It’s hard to imagine that the core concept of Pipe Mania on the Amiga, which released way back in 1989, would’ve still been inspiring games three decades later. Elements of it have recently been used in numerous Artifex Mundi titles, and even Strange Brigade had a pipe connecting conundrum to get your head around. But can a game that puts all of its eggs in the proverbial pipe-filled basket still work in this modern era of gaming? Well, the latest offering of Pipe Push Paradise on Xbox One wants to take the plumbing-based puzzles to the next level, aiming to be both challenging and innovative.
Pipe Push Paradise is an island in desperate need of a plumber due to all of its piping system being disconnected. The inhabitants usually rely on their own specialist plumber, but he’s been asleep for months and so they’ve called in the next best option – no, not Mario or Luigi – his niece. Just like you, the player, she’ll have to learn on the job if order is to be restored in this idyllic place. That’s essentially the long and short of it, with various NPCs offering little more than pointless chit-chat in text form.

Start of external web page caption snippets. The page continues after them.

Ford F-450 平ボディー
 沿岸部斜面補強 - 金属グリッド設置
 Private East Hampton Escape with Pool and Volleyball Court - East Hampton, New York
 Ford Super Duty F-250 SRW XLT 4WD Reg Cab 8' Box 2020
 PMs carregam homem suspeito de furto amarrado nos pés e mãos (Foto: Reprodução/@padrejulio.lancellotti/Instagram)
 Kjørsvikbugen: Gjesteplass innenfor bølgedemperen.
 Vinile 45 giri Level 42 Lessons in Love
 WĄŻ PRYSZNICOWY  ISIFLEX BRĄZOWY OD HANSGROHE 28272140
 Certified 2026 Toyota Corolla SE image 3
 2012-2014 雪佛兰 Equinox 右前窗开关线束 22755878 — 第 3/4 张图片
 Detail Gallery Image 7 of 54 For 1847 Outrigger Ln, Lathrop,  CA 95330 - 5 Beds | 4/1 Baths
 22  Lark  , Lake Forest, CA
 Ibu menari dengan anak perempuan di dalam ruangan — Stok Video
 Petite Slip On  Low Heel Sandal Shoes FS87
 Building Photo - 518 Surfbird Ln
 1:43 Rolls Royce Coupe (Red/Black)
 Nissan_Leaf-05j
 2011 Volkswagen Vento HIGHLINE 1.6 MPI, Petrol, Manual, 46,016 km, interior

A story is the least of anyone’s worries in a puzzle game though; instead, the success relies upon the quality of 47 piping issues that are present, which is quite a lot in truth. The island works as the hub for all of the puzzles and you’ll wander into each self-contained water leak problem, able to exit and enter ‘levels’ freely within each designated area. There is a mixture of Easy, Medium, Hard, and Expert levels throughout, with the latter sure to drive you insane. Completion of certain puzzles open up the next area, ensuring that should you become stuck, chances are you can at least complete the easier ones to gain access to more.
Unlike the purest form of such puzzles, Pipe Push Paradise doesn’t just need you to rotate bits of piping that are already in their correct position, oh no, you have to use the character from an isometric viewpoint to push the various bits of piping into place to form a whole circuit, using the limited space available. The initial puzzle has two pipes leaking water and one connector nearby, which must be manoeuvred into the gap to complete the connection. It’s very, very easy, but you should enjoy that small victory as much as possible because the rest are going to really put your brain through its paces.
There’s a pretty steep curve of difficulty, mainly due to no explanation of what each new puzzle mechanic introduced actually does. So trial and error is the order of the day to get a feel for things. The most ordinary of these see new pieces of pipe that are curved in various ways and often must be flipped 180 degrees before being useful, which brings about the idea of pipes also going vertical, even if just to flip it over – thus essentially becoming a 3D problem to solve. And that’s the simplest of mechanics, with tiles that lift up and then rotate whatever is upon them by 90 degrees, holes in the land that will envelop your pipes, and magnetised piping that stays connected, all playing a part in creating an incredibly tough challenge.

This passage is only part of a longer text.